Nun hatten wir nochmals eine Stunde Zeit, um zum richtigen Gate zu gelangen. Wir gönnten uns also erst mal etwas zu trinken (Mathias war mit seinem Kaffee nicht ganz glücklich, aber daran wird er sich gewöhnen müssen...), und dann ging es auch schon wieder los. Wir durften diesmal sogar beim Notausgang sitzen, das bedeutet viel Beinfreiheit für Mathias. Auch dieser Flug war unproblematisch, nur der Landeanflug in San Francisco ist jeweils etwas zu rumpelig für meinen Geschmack, da es halt doch ziemlich starken Wind hat.
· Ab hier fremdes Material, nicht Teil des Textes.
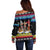 Jesus Is The Reason For The Season Christmas Off Shoulder Sweater Funny Xmas Holiday Patterns - Wonder Print Shop
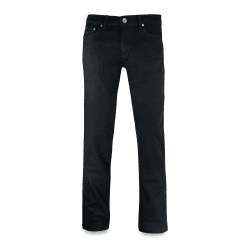 JEEL Herren-Jeans - Regular-Fit Straight-Cut - Stretch - Jeans-Hose Basic Washed 32W / 30L 07-schwarz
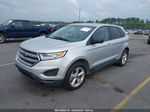 2016 Ford Edge Se Silver vin: 2FMPK3G98GBC00613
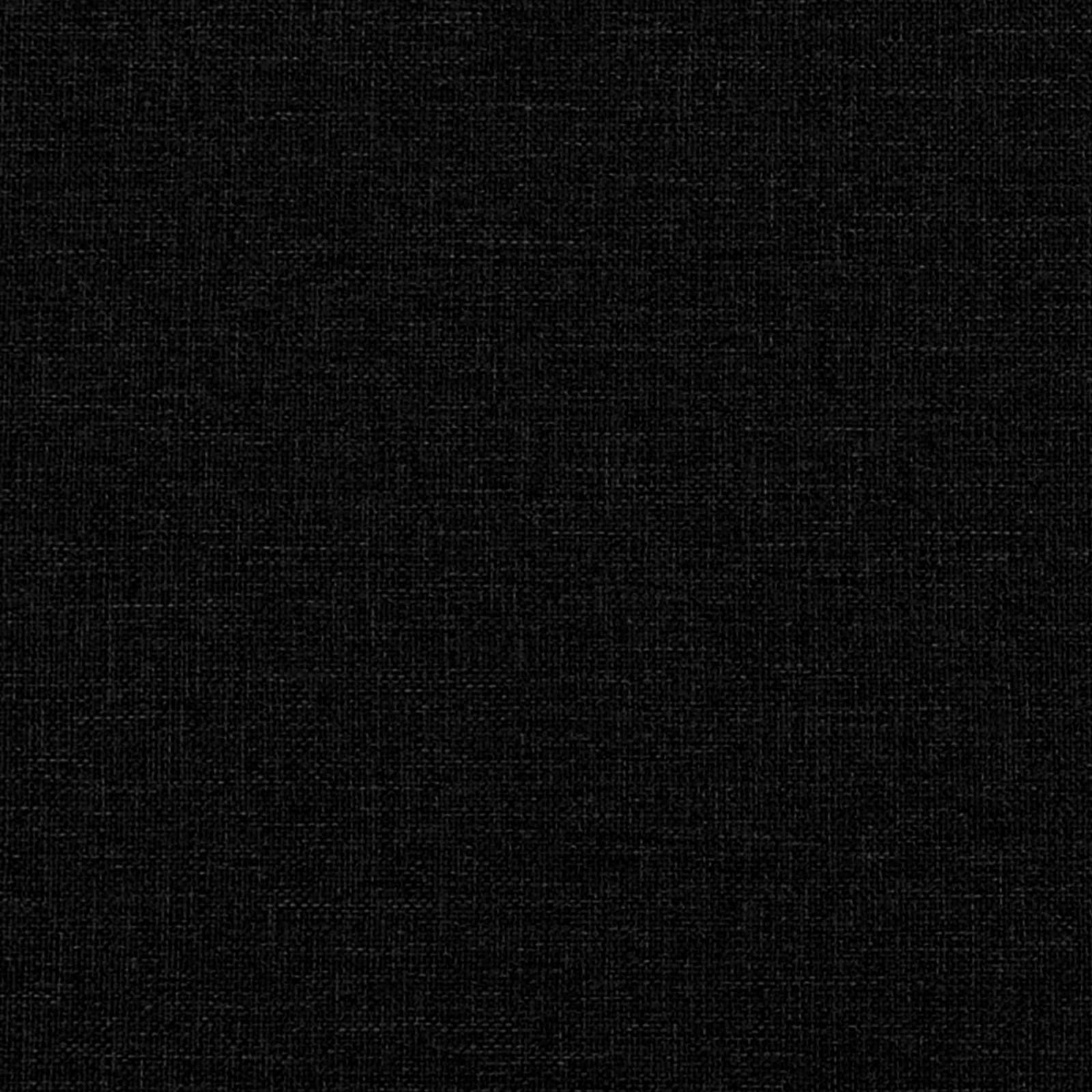 Krevet za djecu s uzglavljem Crna 80 x 160 cm tkanina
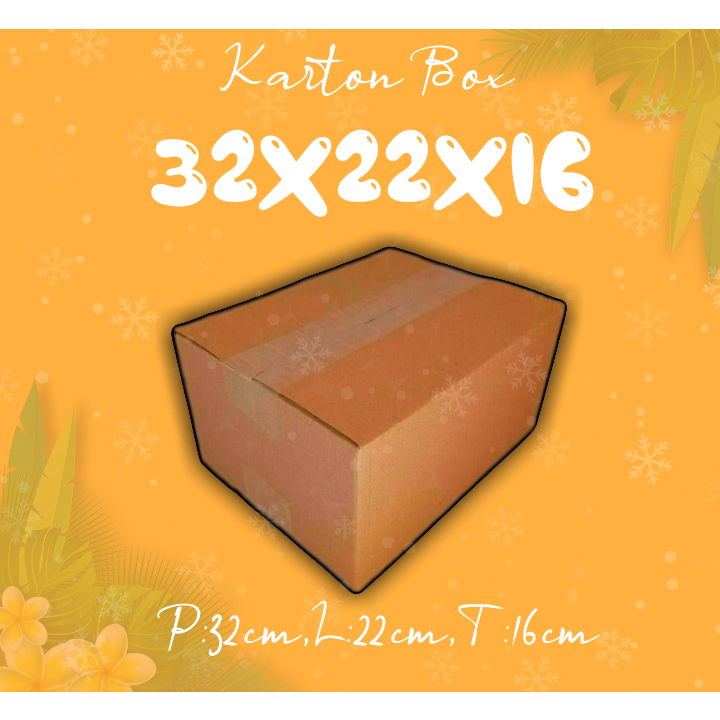 

KARTONBOX 32X22X16 (KARDUS PACKING/KARDUS POLOS/KARDUS MURAH)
Wir versuchten zwar, etwas zu schlafen, das klappte jedoch nicht wirklich, und so waren wir bei der Landung gegen neun Uhr Lokalzeit schon 24 Stunden wach.

Wir mussten uns beim Schalter für verlorenes Gepäck melden gehen, da unsere Taschen ja beim anderen Flughafen angekommen waren. Die Dame am Schalter versprach uns, dass die Taschen entweder heute Abend oder morgen Vormittag zur Hotellobby geliefert würden. Das tönte gut, und so machten wir uns auf den Weg zum Bart, der lokalen "S-Bahn". Den benutzen hier ausser zu Pendlerzeiten eigentlich nur Penner und Touristen, dementsprechend verlottert und schmuddelig sieht er auch aus. Aber glücklicherweise kannten wir das ja bereits von 2010, so konnte uns nichts mehr stressen. Wir besorgten ein Ticket, schleppten unser Gepäck in den Bart, fuhren zum Umsteigebahnhof, schleppten unser Gepäck in den anderen Bart, fuhren nach Berkeley, schleppten unser Gepäck aus dem Bahnhof heraus und gönnten uns ein Taxi zum "Hotel".
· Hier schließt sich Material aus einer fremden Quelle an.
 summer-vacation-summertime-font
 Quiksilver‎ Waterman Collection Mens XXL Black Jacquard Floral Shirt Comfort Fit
Reichlich übermüdet, KO von der Reise und etwas genervt wegen dem fehlenden Gepäck war die Ankunft beim "Hotel" ein ziemlicher Schock. Schon beim ausladen kam eine verwirrte (wohl nicht ganz nüchterne) Französin und laberte uns voll, dass sie irgend etwas verloren habe und suchte das Trottoir ab. Wir fanden nichts und versuchten, ins Hotel zu kommen. Auf der Internetanmeldung hiess es gross "self-check-in", das tönte eigentlich gut - das bedeutet ja zum Beispiel, das man ankommen kann, wann man mag. Man bekommt per E-Mail einen Code, um die Aussentüre zu öffnen. Nachdem wir dies getan hatten, landeten wir in der "Lobby": Einer mit jenstem Gerümpel vollgestellten Eingangshalle. Auf einer Komode lag ein handgeschriebener Zettel mit den Leuten, die sich demnächst einchecken sollten, sowie deren Zimmernummer. Unsere Nummer war anscheinend 14. Dann konnte man sich den Schlüssel mit der richtigen Nummer einfach vom Schlüsselbrett nehmen und sein Zimmer suchen. Yay! Hippie-Style!

Wir suchten also unser Zimmer, irgendwo im ersten Stock hinten rechts um die Ecke. Überall standen Regale mit Büchern und sonstigem Schrott, und es hingen seltsame Bilder an der Wand. Genauso in unserem Zimmer. Aber es hatte ein Bett, und das war für den Moment das Wichtigste. Wir suchten noch kurz ein Badezimmer, um unsere Zähne zu putzen, und fielen dann todmüde ins Bett. Wir waren in Berkeley angekommen!